8 FEB, 2023

Regex, huh?

Regular expressions, usually shorted to regex or re, are a fantastic way to search for patterns of text amongst other text. There are a multitude of ways to configure the search pattern, and several neat little tricks that make them significantly more useful than just another way of doing 'Find & Replace.'

I will be using Python for my examples

The basics

A search pattern is applied to some other text. The pattern consists of some arrangement of text characters and symbols, which do not always literally mean themselves. The other text is usually somewhat unknown, which some patterns within it that are known.

An example search pattern could be:

r"Hello, world!"

This will exactly match the literal text Hello, world!. We can do so much better than that though! What if we need to match some variable bit of text? Say, a year: four numbers in a row, between zero and nine to be inclusive and 'future-proof.'

r"[0-9]{4}"

r" " Encloses a regex string in Python
[ ] Encloses a list of characters, where only one is matched
0-9 The text characters between 0 and 9
{ } Encloses the number of times to match the preceding thing
4 Match four times

That seems pretty straightforward, and it only gets cooler from here!

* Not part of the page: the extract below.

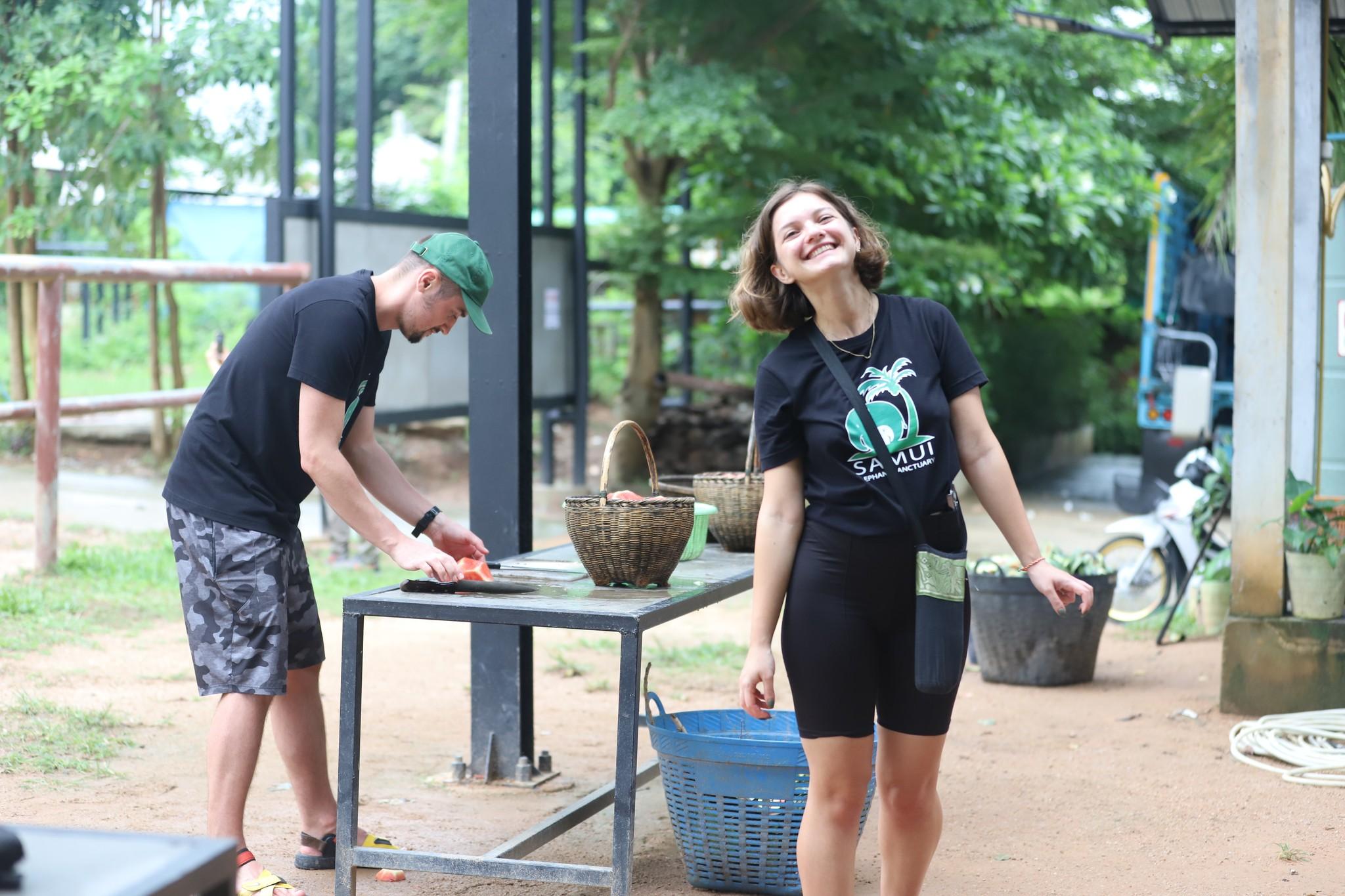 Samui Ethical Elephant Sanctuary Half-Day Experience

The one challenge with regular expressions is that whitespace (spaces, new lines) are treated as themselves, which would change the search pattern. Hence, search patterns are usually dense lines of characters and symbols, which is why it's super important to break them apart yourself when you're trying to make / understand them. That being said, let's look at a more complex example:

r"^\$title = \"(.*)\";

r" " Encloses a regex string in Python
^ Matches the start of the text to be searched*
\$ Matches the literal character $
title =  Matches the literal text title = 
\" Matches the literal character "
( ) Encloses a subgroup of things to match
. Matches one of any character
* Matches the preceding thing any number of times
; Mathces the literal character ;

* Or the start of a new line within the text, depending on the options used to match

You may note a few backslash \ symbols in this one - they are used to match the following character literally, instead of using its special meaning (as by default)

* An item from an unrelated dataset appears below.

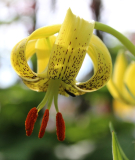 Lilium pyrenaicum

This example will search through and match something like $title = "Regex, huh?";. I also used the parenthesis to denote a subgroup - this can be extracted separately!

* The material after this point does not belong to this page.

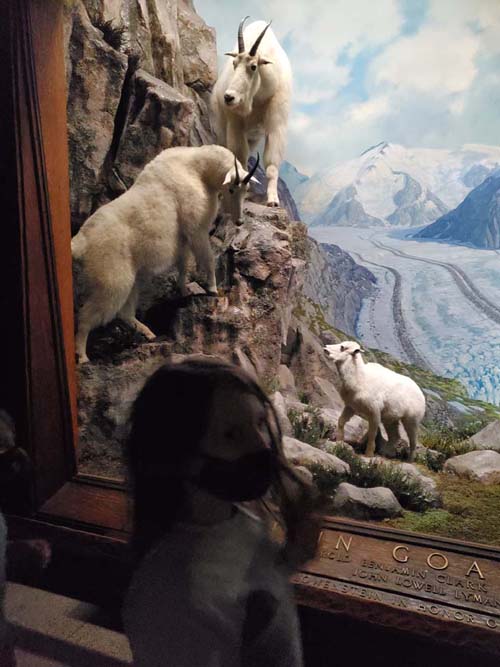 Mountain Goats, North American Mammals, American Museum of Natural History, Upper West Side, Manhattan, September 17, 2020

> re.search(r"^\$title = \"(.*)\";", content).group(0)
'$title = "Regex, huh?";'

> re.search(r"^\$title = \"(.*)\";", content).group(1)
'Regex, huh?'
	

What next?

The best part of regular expressions is that all of this functionality can be infinitely configured by combining each technique together. You can even exclude certain things from being matched within your search pattern, like fetching all the pages of a website except for the index. Anyway, this is the part where you go and learn more for yourself

If you're curious about that whole exclusion thing, here's a sample:

r"^(?!index)(.*)\.php"

r" " Encloses a regex string in Python
^ Matches the start of the text to be searched
( ) Encloses a subgroup of things to match
? The 'lookahead' marker*
! Inverts or negates the preceding symbol^
index The literal characters index
\.php The literal characters .php

* Needs a determining symbol to follow it

^ Combined with ? this becomes a 'negative lookahead' i.e. "don't match this even though it otherwise would"

Tools to help

The best resource for figuring things out is the documentation for your package or programming language. The next best resource is regex101.com. It gives a validator and checker for all common regex specifications as used by popular languages, as well as a neat breakdown with detailed descriptions of what each character in the search patter means.